El Tomboto, Saturday, 14 October 2017 22:34 (six years ago) link

well yeah, it just starts immediately in a scary voice. we were thinking of telling him tv YouTube had gone away anyway, we've got loads of actual proper Thomas episodes for him to watch...
he got into actual videos of car factories from manufacturers for a few days, these were pretty cool though.

kinder, Sunday, 15 October 2017 07:49 (six years ago) link

My kid is super into Dinosaur Train lately, which I don’t hate because he gathers all his rubber dinosaurs together when it comes on and tells me their names and sometimes he yells DINOSAUR TRAIN like the theme song. Also I always mentally replace the first line of the song with the opening line from Slick Rick’s “Children’s Story”.

I like it much more than Wild Kratts which he was way into for a while before that. Though that show did get him obsessed with walruses to the degree that he wants to be one for Halloween.

Other shows sort of come and go:

- Paw Patrol is fucking terrible but I’m kind jealous I didn’t come up with a show that kills a quarter of each episode with a stock montage of the team mustering for whatever. He loves his Paw Patrol shirts though.
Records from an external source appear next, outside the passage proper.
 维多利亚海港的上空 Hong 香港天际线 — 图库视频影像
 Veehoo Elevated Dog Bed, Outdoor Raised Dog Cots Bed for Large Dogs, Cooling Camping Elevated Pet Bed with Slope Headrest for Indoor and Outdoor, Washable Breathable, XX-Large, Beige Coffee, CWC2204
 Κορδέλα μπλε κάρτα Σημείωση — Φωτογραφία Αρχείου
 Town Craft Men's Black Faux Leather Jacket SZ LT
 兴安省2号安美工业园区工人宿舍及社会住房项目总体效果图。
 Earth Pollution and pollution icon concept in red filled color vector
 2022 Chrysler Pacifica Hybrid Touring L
My wife bought a season on amazon when he was sick so we’re stuck with that around

- Daniel Tiger sometimes is really soothing and sometimes makes me want to claw my eyes out

- he had a Peg + Cat phase but that only lasted like a week or two, which is sad cause I liked that one

- sometimes he’s into Sesame Street but not that often which is again sad cause I like it

- Yo Gabba Gabba is awesome but it’s not on Netflix or PBS so no regular access

- sometimes he likes Cat in the Hat but fuck that show

Anything though is better than toy videos or whatever weird garbage he ends up with while using YouTube on the iPad

joygoat, Sunday, 15 October 2017 11:33 (six years ago) link

We’re PJ Masks all the time now.

Jeff, Sunday, 15 October 2017 13:19 (six years ago) link

We've seen all of those phases and weathered them all.

Possibly controversial opinion: On balance, children who can control their own entertainment input (whether by searching on their own, following chains of "if you like this..." suggestions, and/or abandoning things they're tired of) are happier children. And they're WAY easier to deal with than children who need frequent parent interventions to keep them satisfied with their entertainment streams.
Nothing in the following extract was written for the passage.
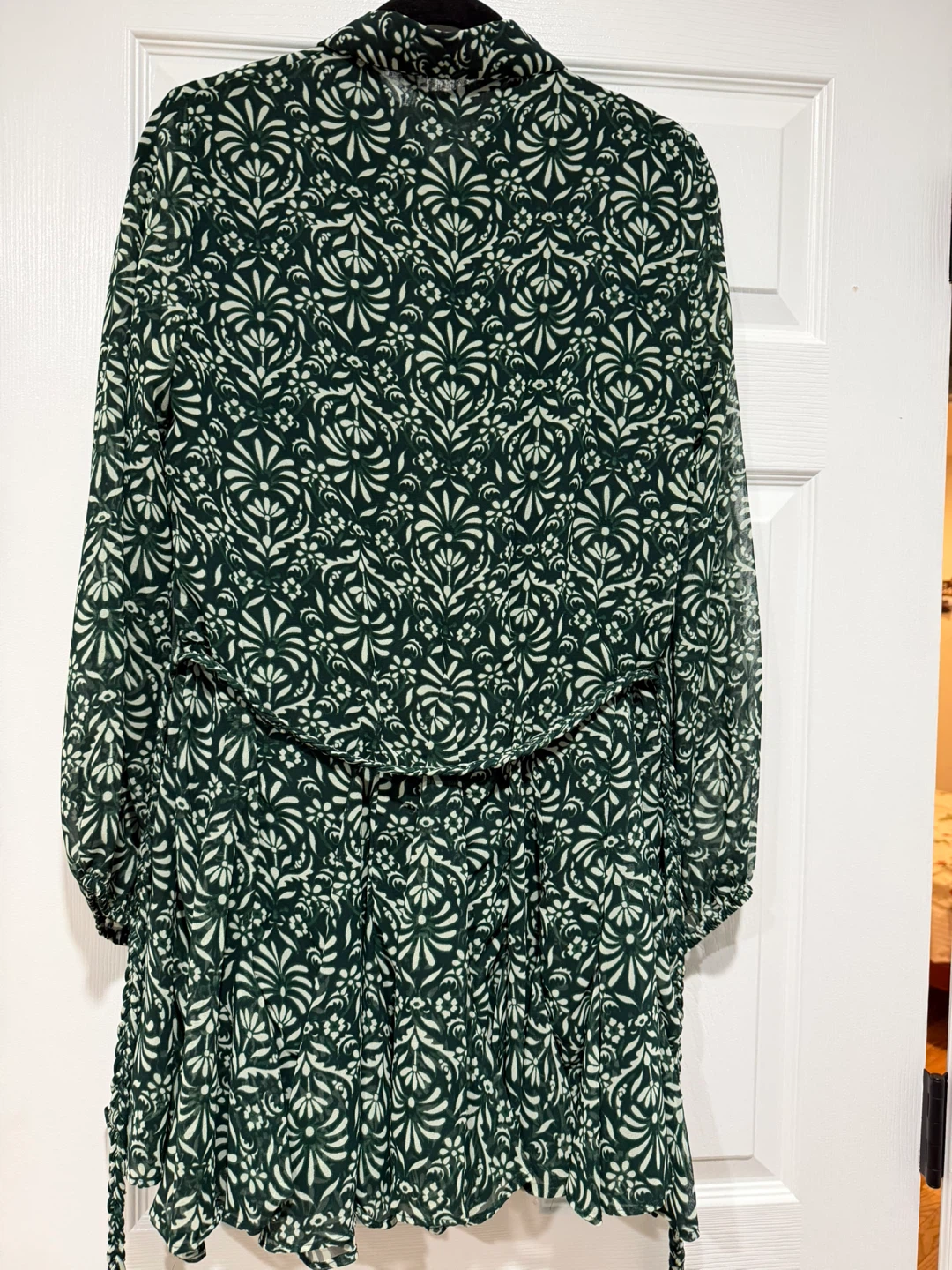 Zara Women's Green Floral Print Long Sleeve Belted Dress Size M - photo 2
In my childhood, our choices were to (A) watch what was on or (B) not watch what was on.

In the childhood of my nieces and nephews, there were more options. You could put in a video! And you could ask someone to change it to a different video if that one wasn't appealing!

Nowadays my children just flop down with their tablets on whatever surface is nearest, and they watch what they feel like watching (within a wide but constrained universe).

N.B.: I love them to pieces, and I assure you I interact with them plenty. But I'm glad of not having to deal with "Paw Patrol, but not THIS episode" every couple minutes when I'm trying to get some work done.

looser than lucinda (Ye Mad Puffin), Sunday, 15 October 2017 20:25 (six years ago) link

Yeah, my son is too young to bring up a program on his own so there’s usually this ten minute quest to figure out which Daniel Tiger episode someone talks about a pie in or something.

President Keyes, Monday, 16 October 2017 01:42 (six years ago) link

I know it's a cliche, but I have yet to se anything remotely as irritating as Barney.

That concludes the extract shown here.